_EXERCISE DETAILS_. Every line from the top of the records below through the one containing "LUCZOTIQ JAPANESE CHERRY" must be copied exactly, and the pictures must not be.

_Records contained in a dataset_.
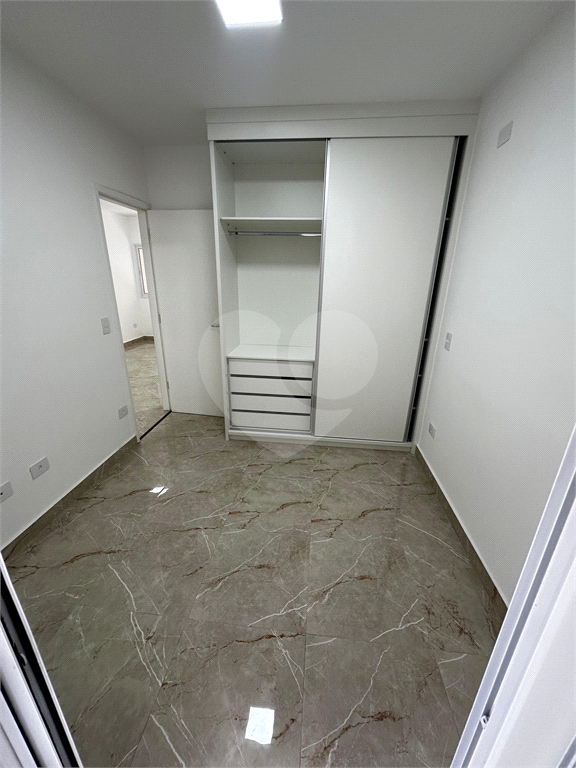 Apartamento para locação, Lauzane Paulista, 40m², 2 quartos, 1 banheiro, cozinha e área externa.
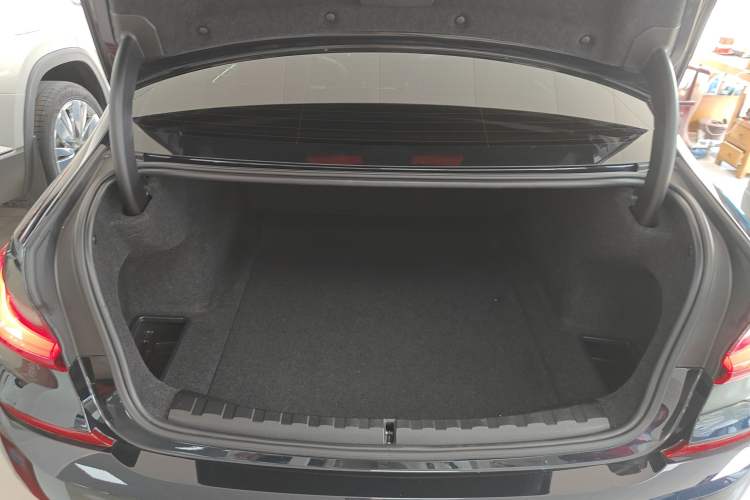 Used BMW 3 Series 2022 Restyled 330Li xDrive M Sport Night Edition Package Trunk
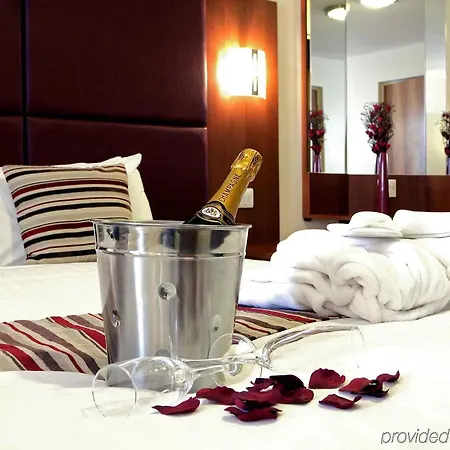 South Marston And Leisure Club 3* Swindon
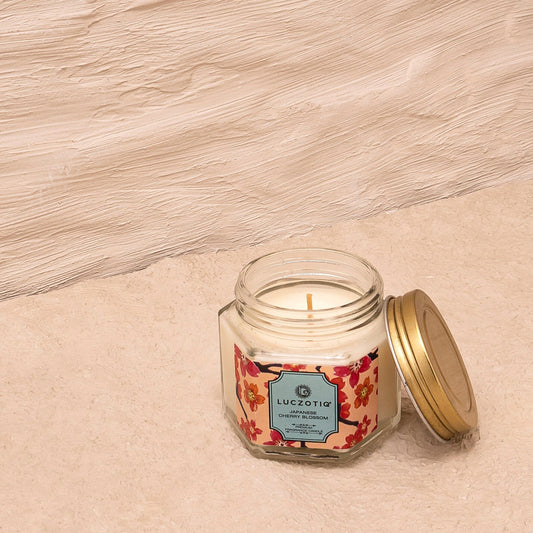 LUCZOTIQ JAPANESE CHERRY BLOSSOM PREMIUM FRAGRANCE CANDLE Pulpvéda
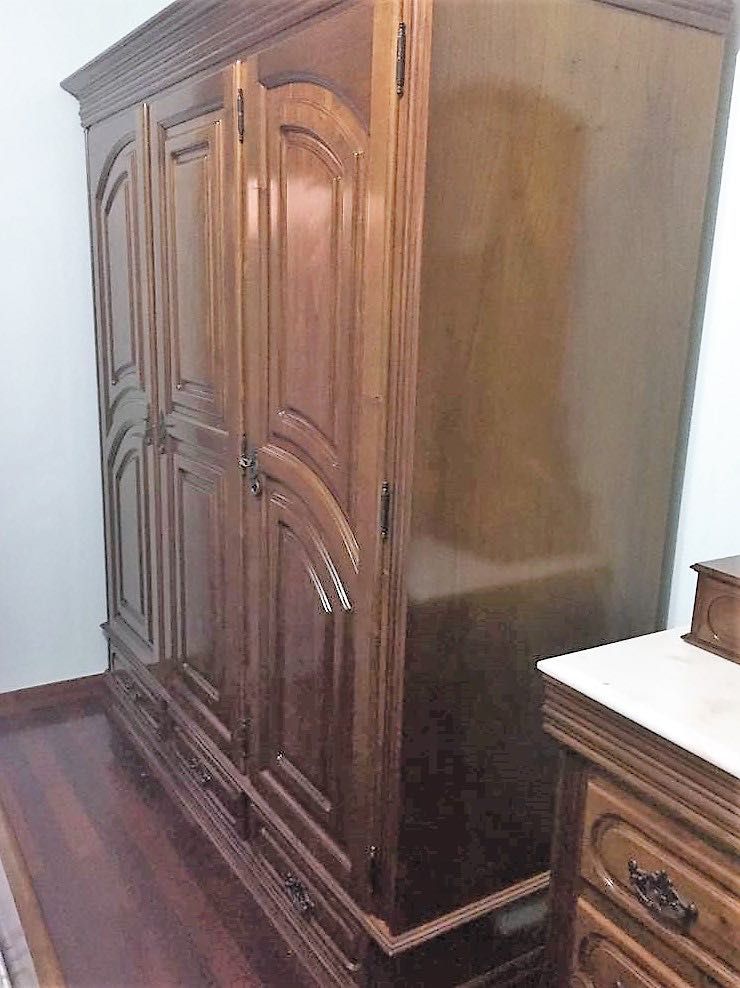 Vendo Mobília de Quarto Completa em castanho com tampos em mármore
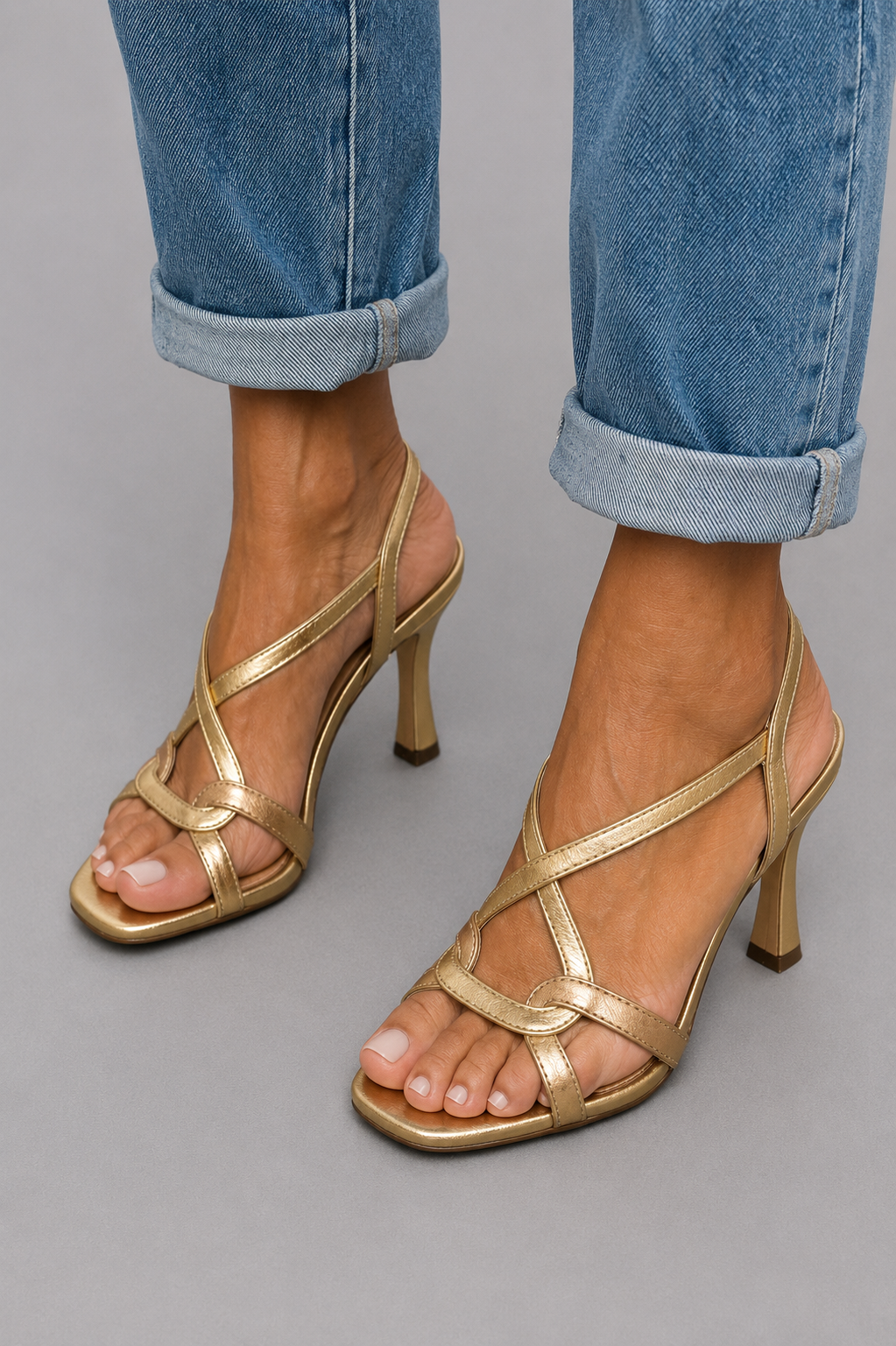 Goldfarbene Sandalen mit Metallic-Effekt und gekreuzten Riemen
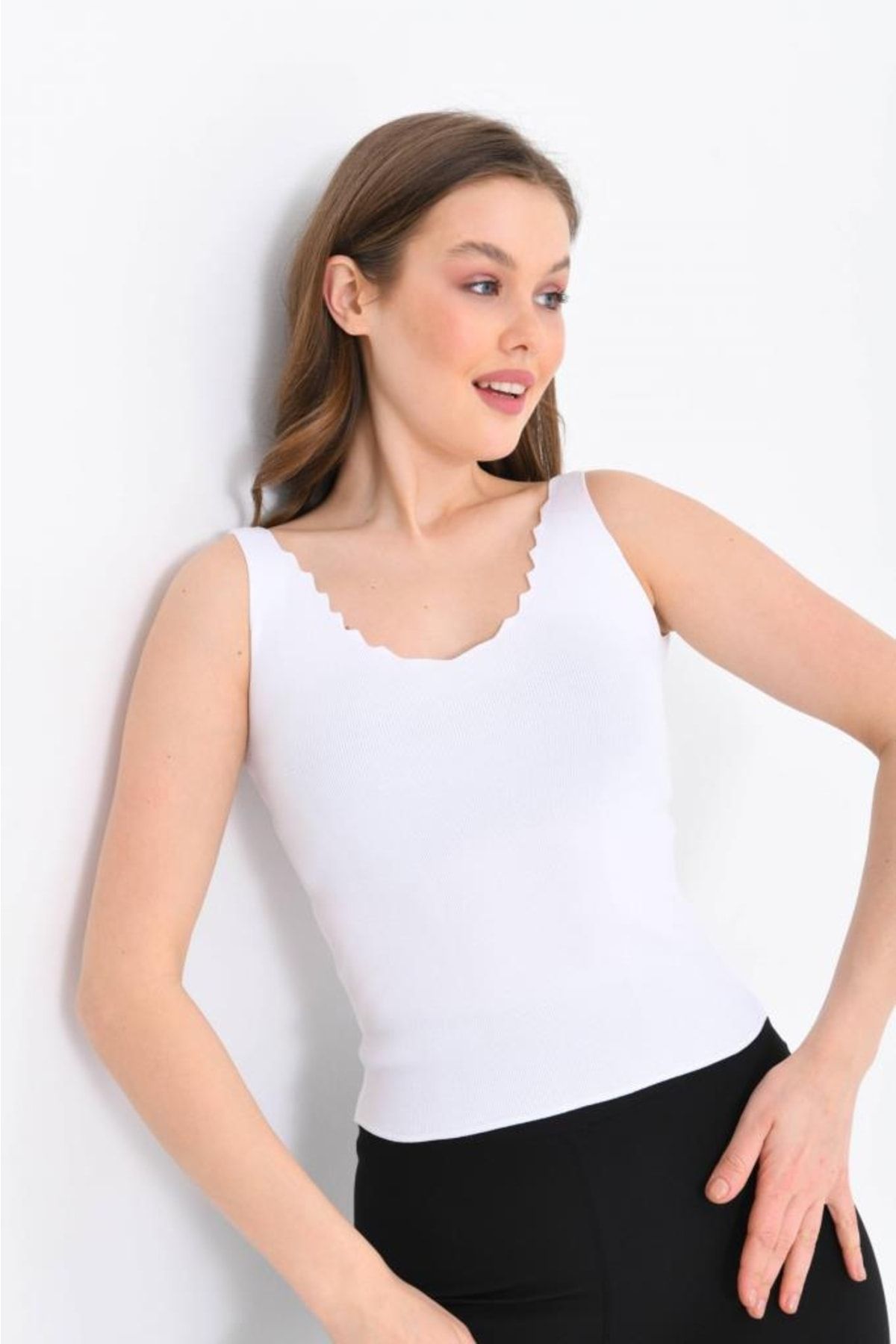 Modkofoni Askılı Merdiven Desenli Kadın Beyaz Crop Triko Bluz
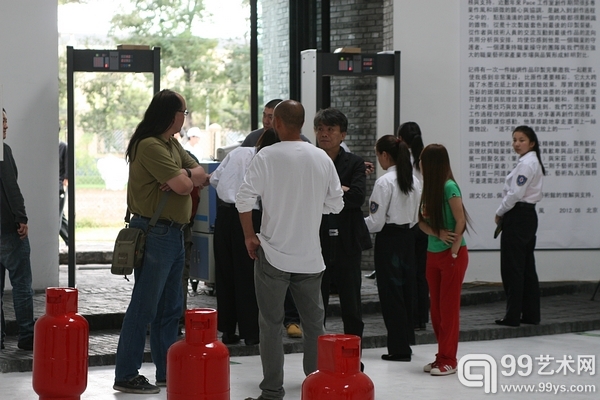 策展人吴震寰与艺术家朋友交谈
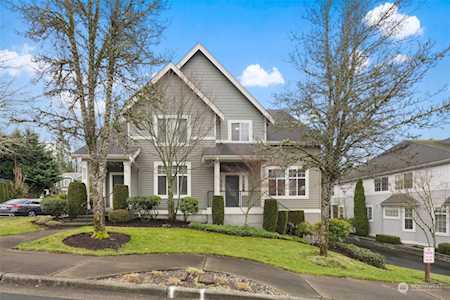 6785 161st Ave SE #B Bellevue, WA 98006
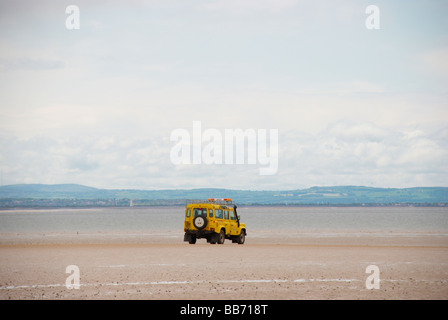 gelber Strand Patrouille Land Rover auf Crosby Strand (Liverpool) Stockfoto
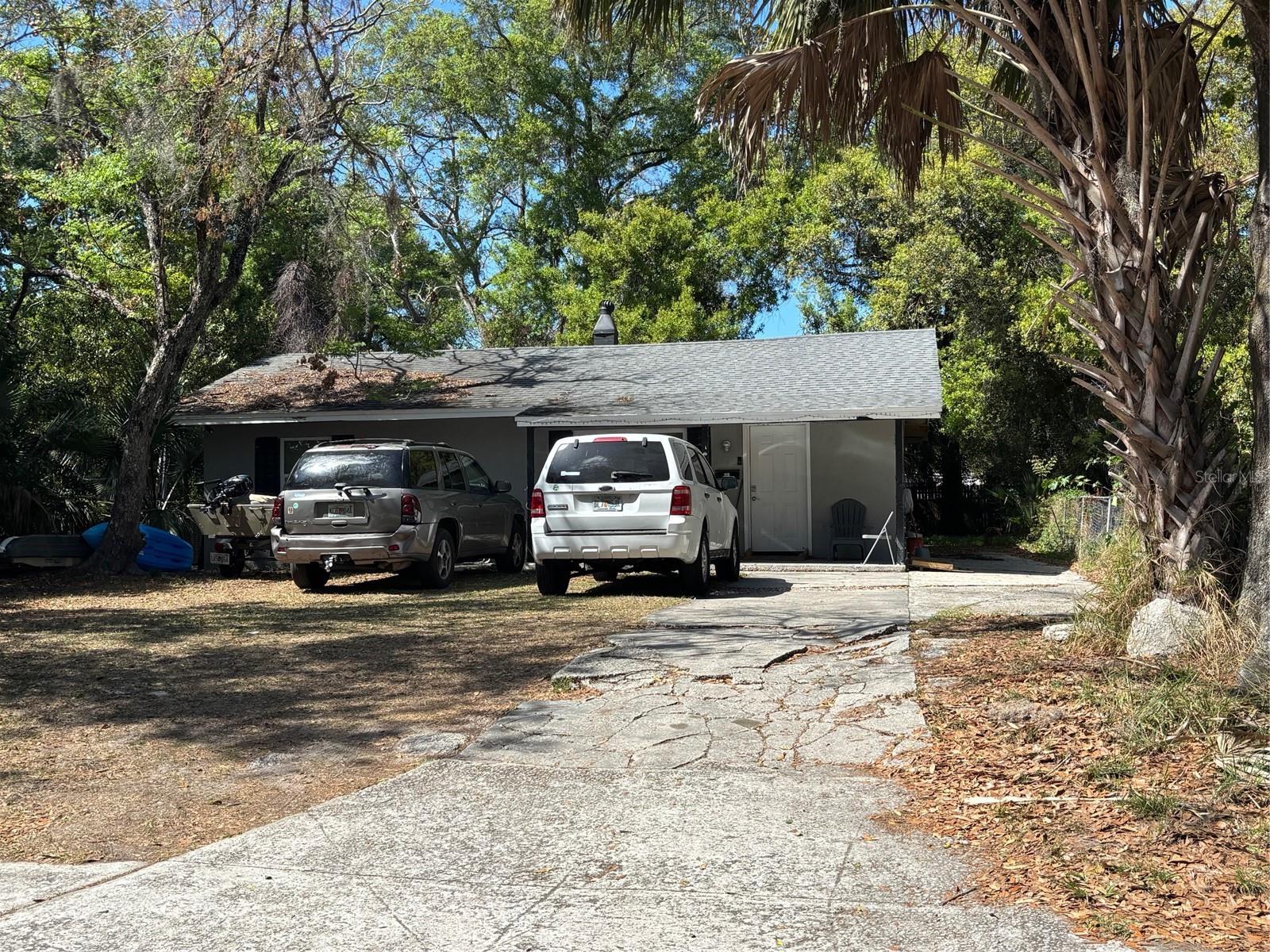 516 S Dollins Ave Property Photo 2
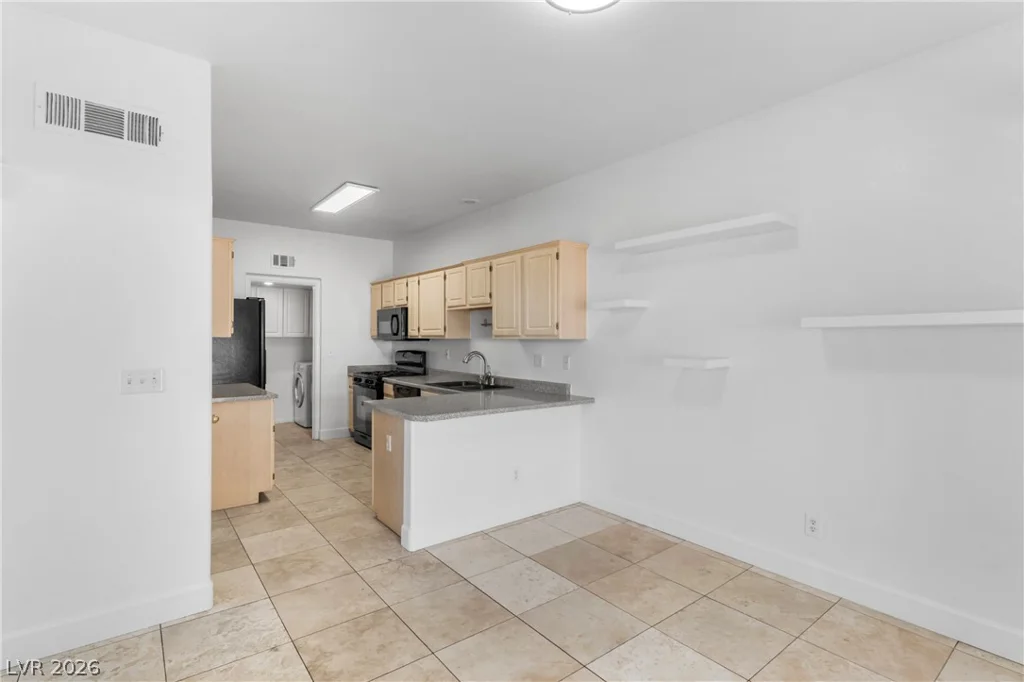 1633 Cave Spring, Henderson, NV 89014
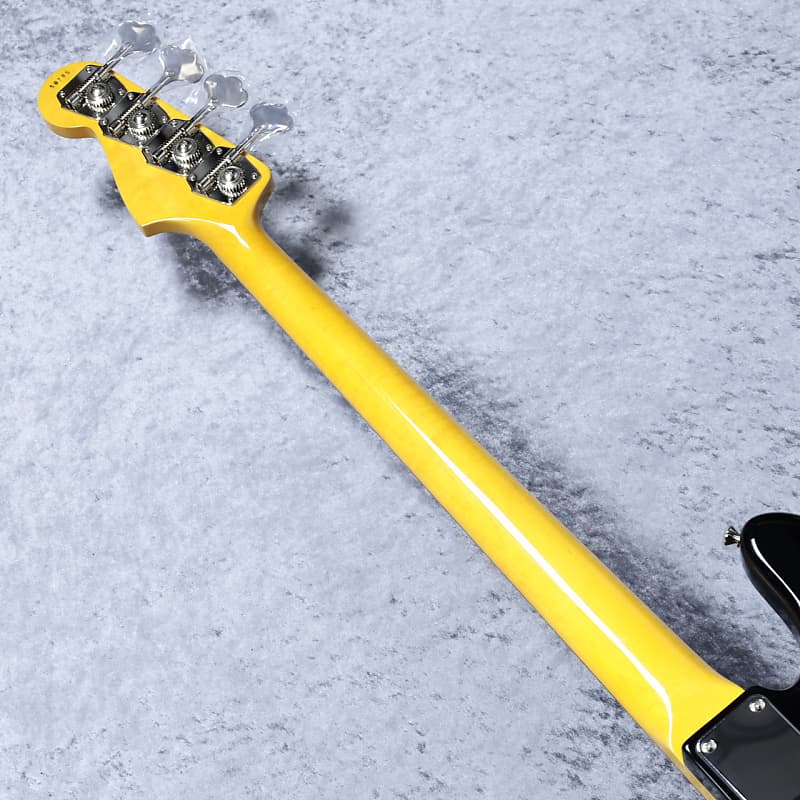 ミュージシャン Moon JB-4C JB-4 CLASSIC | BASS | MOON GUITARS - 国産のオーダーメイド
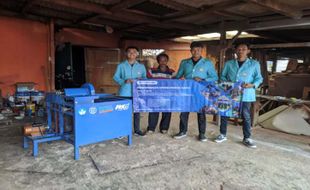 Mahasiswa UNS Bikin Mesin Purus Kayu Terintegrasi untuk Dorong Produksi Mebel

_WRITTEN RESPONSE_.
 Apartamento para locação, Lauzane Paulista, 40m², 2 quartos, 1 banheiro, cozinha e área externa.
 Used BMW 3 Series 2022 Restyled 330Li xDrive M Sport Night Edition Package Trunk
 South Marston And Leisure Club 3* Swindon
 LUCZOTIQ JAPANESE CHERRY BLOSSOM PREMIUM FRAGRANCE CANDLE Pulpvéda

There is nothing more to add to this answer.